The company's quality management system is directly led by the general manager, with a central laboratory and a quality management department. Exercise the functions of quality inspection, quality supervision and management respectively. The central laboratory is responsible for the inspection of raw materials, intermediates, health products and process water used in the company's production and the monitoring of environmental conditions. The quality management department is responsible for establishing and perfecting the company's quality supervision system, and has set up full-time QA personnel to monitor the whole process of material supplier evaluation, raw and auxiliary materials procurement, warehousing acceptance, production process, finished product release, sales and customer feedback, and standardize and improve various quality management systems; At the same time, through on-site inspection tour, regular inspection, regular quality report and other ways to manage the company's entire quality system, organize regular GMP knowledge update training, and improve the quality concept of all employees.
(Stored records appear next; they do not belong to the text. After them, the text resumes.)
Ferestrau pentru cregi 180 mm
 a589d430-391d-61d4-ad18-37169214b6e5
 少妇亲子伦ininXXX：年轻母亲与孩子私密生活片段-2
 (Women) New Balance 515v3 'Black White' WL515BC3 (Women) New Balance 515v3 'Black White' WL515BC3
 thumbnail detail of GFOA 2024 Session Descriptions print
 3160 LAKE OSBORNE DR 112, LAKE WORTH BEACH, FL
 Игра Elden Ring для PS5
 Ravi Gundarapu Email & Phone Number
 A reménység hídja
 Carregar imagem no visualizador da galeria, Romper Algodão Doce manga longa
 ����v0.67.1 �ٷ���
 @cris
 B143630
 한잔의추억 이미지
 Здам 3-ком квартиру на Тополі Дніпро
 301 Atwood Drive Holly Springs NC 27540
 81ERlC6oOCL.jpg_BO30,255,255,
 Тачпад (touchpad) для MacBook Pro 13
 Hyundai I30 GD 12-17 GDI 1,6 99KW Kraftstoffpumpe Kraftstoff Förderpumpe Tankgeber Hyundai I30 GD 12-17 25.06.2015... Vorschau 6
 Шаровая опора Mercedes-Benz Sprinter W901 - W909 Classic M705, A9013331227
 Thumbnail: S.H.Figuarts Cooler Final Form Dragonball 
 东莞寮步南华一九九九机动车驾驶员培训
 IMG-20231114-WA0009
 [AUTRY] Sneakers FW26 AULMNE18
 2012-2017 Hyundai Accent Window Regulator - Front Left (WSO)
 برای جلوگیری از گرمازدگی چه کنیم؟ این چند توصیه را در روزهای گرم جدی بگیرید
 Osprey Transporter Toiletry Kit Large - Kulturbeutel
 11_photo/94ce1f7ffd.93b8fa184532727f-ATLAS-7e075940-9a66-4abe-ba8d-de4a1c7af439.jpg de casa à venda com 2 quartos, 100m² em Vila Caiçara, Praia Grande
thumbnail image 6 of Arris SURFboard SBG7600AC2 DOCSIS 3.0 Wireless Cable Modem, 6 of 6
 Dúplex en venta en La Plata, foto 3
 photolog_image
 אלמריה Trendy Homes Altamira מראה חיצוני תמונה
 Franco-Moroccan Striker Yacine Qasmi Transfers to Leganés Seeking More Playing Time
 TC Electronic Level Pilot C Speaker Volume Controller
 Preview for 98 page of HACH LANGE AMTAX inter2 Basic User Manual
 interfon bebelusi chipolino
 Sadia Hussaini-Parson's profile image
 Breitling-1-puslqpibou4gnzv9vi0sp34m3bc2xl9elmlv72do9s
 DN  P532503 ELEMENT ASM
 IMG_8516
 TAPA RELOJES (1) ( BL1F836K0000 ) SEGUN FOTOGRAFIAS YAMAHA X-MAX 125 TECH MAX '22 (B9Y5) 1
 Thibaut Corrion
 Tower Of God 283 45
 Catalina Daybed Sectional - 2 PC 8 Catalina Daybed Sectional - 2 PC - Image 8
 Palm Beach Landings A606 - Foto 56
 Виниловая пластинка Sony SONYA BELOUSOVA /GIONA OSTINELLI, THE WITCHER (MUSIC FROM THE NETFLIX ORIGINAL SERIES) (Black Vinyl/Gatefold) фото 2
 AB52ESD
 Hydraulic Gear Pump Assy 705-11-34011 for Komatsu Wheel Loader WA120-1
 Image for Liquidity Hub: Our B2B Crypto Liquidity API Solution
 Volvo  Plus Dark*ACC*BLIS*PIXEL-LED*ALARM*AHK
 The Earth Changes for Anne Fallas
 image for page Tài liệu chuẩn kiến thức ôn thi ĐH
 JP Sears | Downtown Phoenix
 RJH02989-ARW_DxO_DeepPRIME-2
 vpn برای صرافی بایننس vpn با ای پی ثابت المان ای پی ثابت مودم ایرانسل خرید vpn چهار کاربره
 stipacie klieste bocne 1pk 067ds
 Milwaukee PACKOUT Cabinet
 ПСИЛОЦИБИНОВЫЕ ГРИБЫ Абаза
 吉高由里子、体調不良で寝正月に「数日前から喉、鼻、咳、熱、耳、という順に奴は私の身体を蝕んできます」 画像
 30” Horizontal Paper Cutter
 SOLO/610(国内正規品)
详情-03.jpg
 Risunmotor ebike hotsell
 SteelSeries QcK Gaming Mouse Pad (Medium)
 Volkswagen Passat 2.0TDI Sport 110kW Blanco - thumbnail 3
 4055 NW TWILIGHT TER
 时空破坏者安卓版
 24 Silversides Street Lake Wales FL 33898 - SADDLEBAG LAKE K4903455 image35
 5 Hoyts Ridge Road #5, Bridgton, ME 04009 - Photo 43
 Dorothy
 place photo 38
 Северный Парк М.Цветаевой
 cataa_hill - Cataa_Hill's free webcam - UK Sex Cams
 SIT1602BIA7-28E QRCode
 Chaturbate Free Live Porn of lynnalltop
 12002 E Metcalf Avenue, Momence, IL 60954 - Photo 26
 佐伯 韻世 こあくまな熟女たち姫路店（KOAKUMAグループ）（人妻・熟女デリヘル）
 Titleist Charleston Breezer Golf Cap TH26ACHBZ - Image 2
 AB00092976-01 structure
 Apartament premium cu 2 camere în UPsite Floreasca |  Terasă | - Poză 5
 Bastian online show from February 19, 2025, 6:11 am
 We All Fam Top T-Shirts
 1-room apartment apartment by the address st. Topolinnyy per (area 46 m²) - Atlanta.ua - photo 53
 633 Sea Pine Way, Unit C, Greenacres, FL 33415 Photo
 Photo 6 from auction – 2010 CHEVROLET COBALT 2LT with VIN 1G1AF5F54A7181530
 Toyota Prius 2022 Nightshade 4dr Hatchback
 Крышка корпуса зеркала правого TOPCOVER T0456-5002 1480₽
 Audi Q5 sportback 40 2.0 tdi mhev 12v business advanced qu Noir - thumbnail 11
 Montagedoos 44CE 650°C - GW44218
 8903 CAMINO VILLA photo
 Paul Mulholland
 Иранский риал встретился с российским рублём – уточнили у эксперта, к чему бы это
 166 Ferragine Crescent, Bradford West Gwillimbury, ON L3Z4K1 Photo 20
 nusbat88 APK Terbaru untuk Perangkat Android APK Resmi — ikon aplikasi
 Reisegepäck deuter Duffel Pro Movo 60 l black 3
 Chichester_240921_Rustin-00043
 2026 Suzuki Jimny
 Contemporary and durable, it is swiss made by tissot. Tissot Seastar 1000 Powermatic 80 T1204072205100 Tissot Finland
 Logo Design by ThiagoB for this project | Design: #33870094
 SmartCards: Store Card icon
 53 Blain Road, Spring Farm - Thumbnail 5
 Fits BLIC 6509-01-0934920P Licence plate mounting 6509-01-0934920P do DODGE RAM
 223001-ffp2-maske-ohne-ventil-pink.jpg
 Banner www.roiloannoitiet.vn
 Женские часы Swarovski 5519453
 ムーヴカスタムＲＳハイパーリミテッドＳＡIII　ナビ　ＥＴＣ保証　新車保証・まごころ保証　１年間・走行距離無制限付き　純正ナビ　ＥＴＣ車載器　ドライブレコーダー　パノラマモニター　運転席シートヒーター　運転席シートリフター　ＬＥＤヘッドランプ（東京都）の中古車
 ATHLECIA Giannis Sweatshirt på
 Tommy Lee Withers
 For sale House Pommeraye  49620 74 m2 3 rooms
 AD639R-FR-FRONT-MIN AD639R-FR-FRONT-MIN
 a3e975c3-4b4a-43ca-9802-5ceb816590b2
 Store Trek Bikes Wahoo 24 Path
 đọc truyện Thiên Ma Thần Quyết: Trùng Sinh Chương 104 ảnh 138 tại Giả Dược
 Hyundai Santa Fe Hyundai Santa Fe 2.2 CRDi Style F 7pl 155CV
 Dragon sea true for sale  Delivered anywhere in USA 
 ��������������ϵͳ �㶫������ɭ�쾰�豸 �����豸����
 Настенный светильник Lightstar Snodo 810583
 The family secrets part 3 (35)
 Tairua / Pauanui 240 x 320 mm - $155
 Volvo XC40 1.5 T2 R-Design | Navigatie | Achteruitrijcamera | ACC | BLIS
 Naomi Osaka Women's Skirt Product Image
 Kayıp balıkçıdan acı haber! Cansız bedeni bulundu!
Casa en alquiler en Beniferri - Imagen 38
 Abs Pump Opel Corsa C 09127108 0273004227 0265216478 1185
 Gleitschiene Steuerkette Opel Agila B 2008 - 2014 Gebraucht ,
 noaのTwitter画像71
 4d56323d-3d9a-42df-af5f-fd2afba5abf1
In 2003, the company began to implement the ISO9000 quality management system and passed the ISO9000 quality system certification. In 2004, GMP management was gradually implemented and passed the national GMP certification for the first time in the same year. In the past 9 years, the company has been certified by domestic GMP for 3 times and has been audited by domestic and foreign customers for many times. So far, all products approved by the company have passed GMP certification. The company plans to pass the double GMP certification in Europe and America around 20 13-20 14.